Onamukulo is a village in the Ohangwena Region of northern Namibia. It is 225 km north of Windhoek and belongs to Omulonga Constituency. It is situated about 10 km north of Oshigambo village.

Onamukulo village is divided into two parts and is separated by the main road running through from Ondangwa to Oshigambo. The two parts of the village are known as Omiye (the cuca shops side, on the right side of the road) and the true village (on the left side of the road) but run and administered by one headman, Tom Nakathingo. It has 80 homesteads with an average of 5 people per homestead. The inhabitants in this village have homesteads made of tree poles cut in the forest found in Okaonde area. But due to the high growth rate, suitable trees are now becoming scarce, and the forest is slowly but surely being destroyed, which has led the new generation planning to build houses to use alternative materials, such as bricks, mud, thatch, mesh-wires, etc. Onamukulo is rich in fertile soils, thus they depend on farming for survival. Their farming activities include mahangu cultivation, herding cattle, goats and donkeys, but the village usually receives poor rainfall, and thus they have difficulties in keeping sheep and horses, although they are found in very low quantities.

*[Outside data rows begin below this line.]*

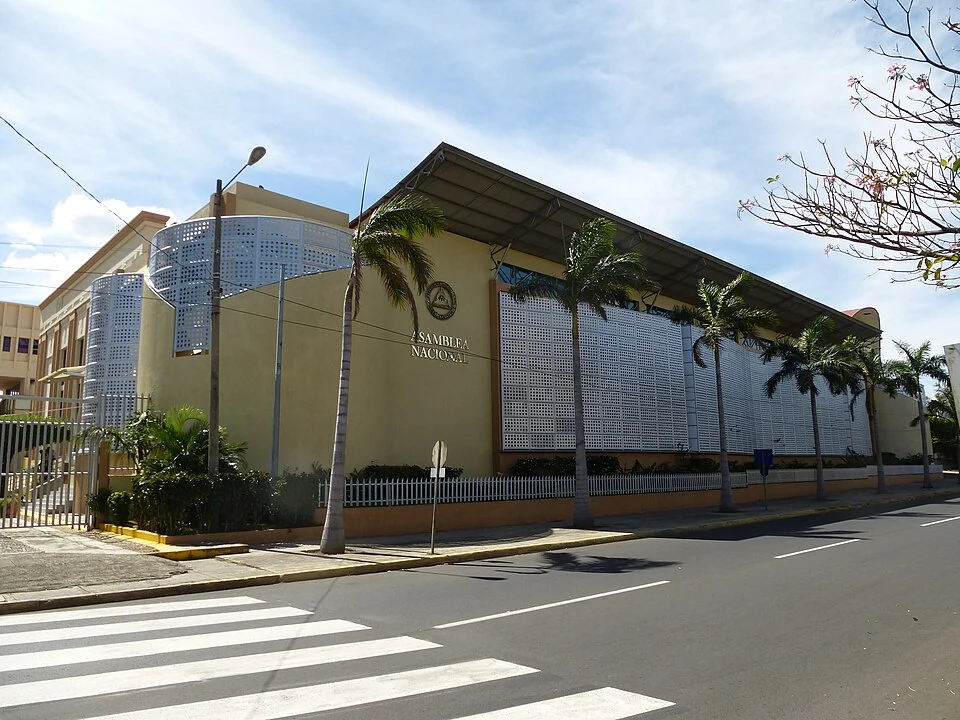 Archivo: edificio de la Asamblea Nacional de Nicaragua en Managua, enero de 2013. Contexto del órgano que tramitó la reforma electoral.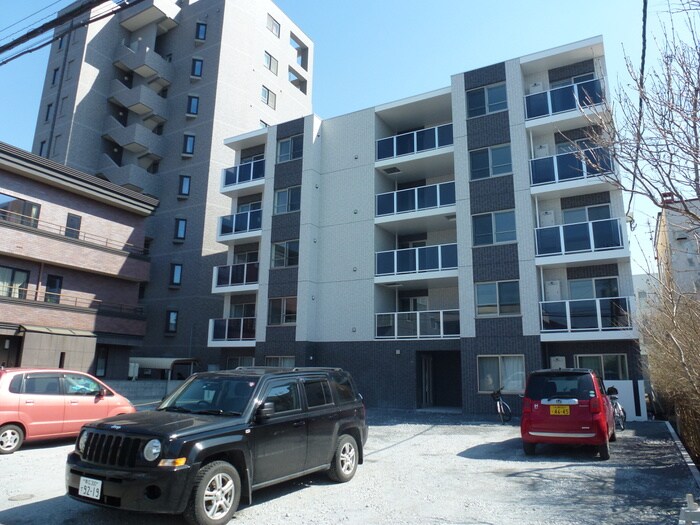 A BOND菊水の物件外観写真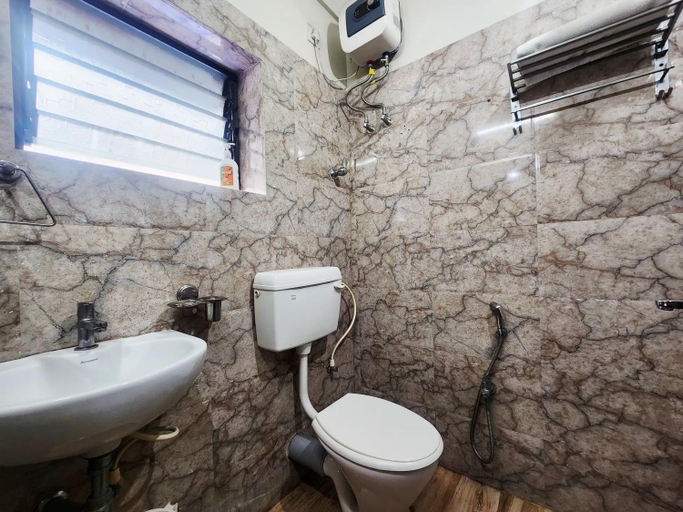 Bathroom 4, Anandaloke Residency, Kolkata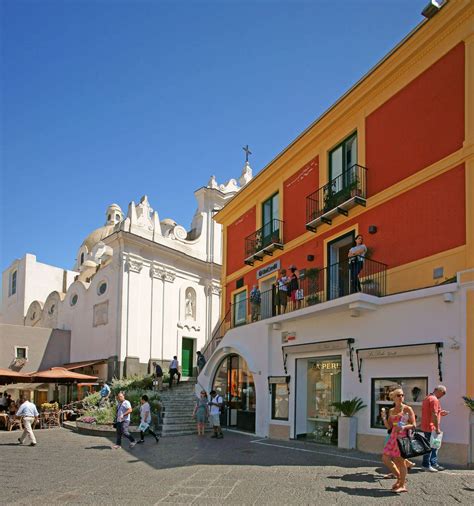 Chiesa di Santo Stefano nella piazzetta di Capri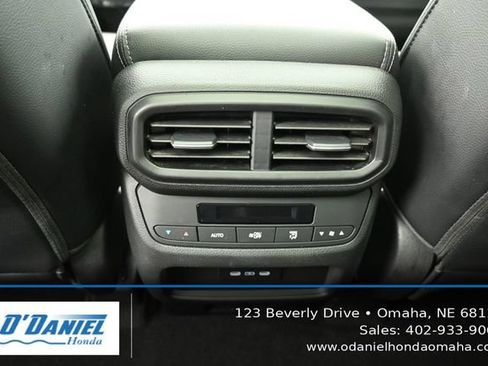 Used 2024 Honda Pilot Touring image 38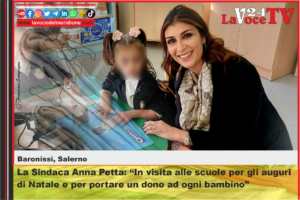 Comune di Baronissi, la Sindaca Anna Petta In visita alle scuole per gli auguri di Natale e per portare un dono ad ogni bambino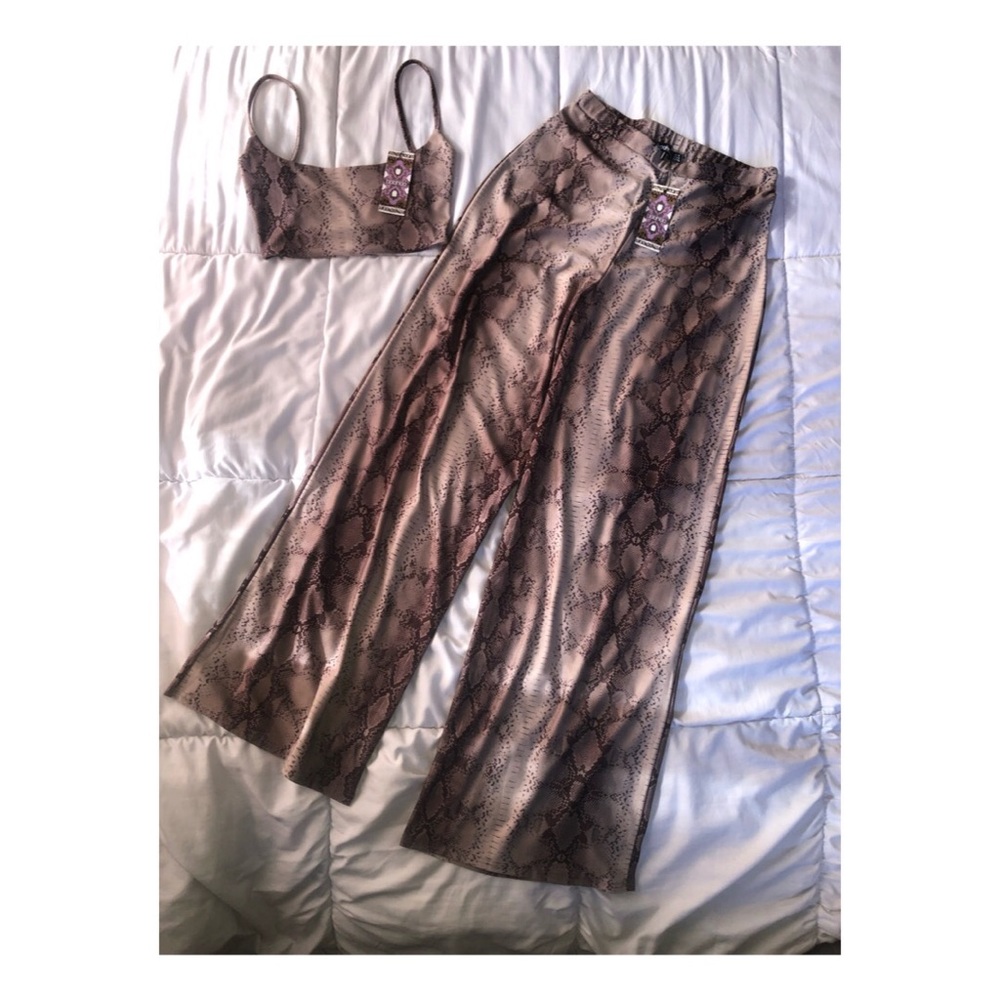 Boohoo snake print trouser/crop set
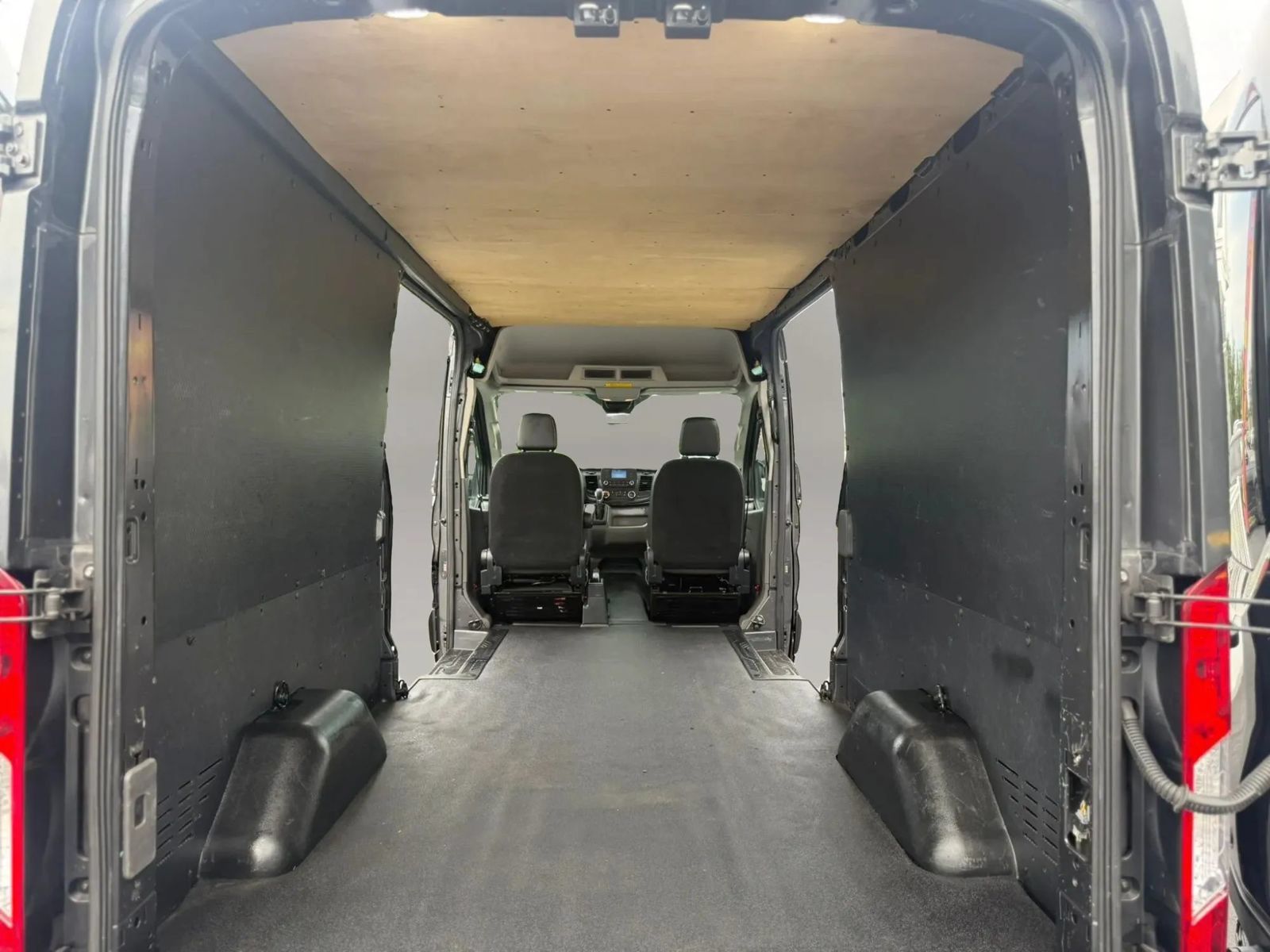 Used 2020 Ford Transit 250 Medium Roof w/ Load Area Protection Package RWD image 38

Currently, the power supply reaches the combined school and cucashops, but plans to extend it to each homestead are in progress, and more development is to be started after this.

The Onamukulu Combined School is situated in the village. It is reasonably well equipped, including computer equipment to science equipment. The principal is Naftal Haimene. The school was refurbished with the help of Millennium Challenge Account Namibia (MCAN) along with 9 other schools in the Ohangwena Region of Namibia.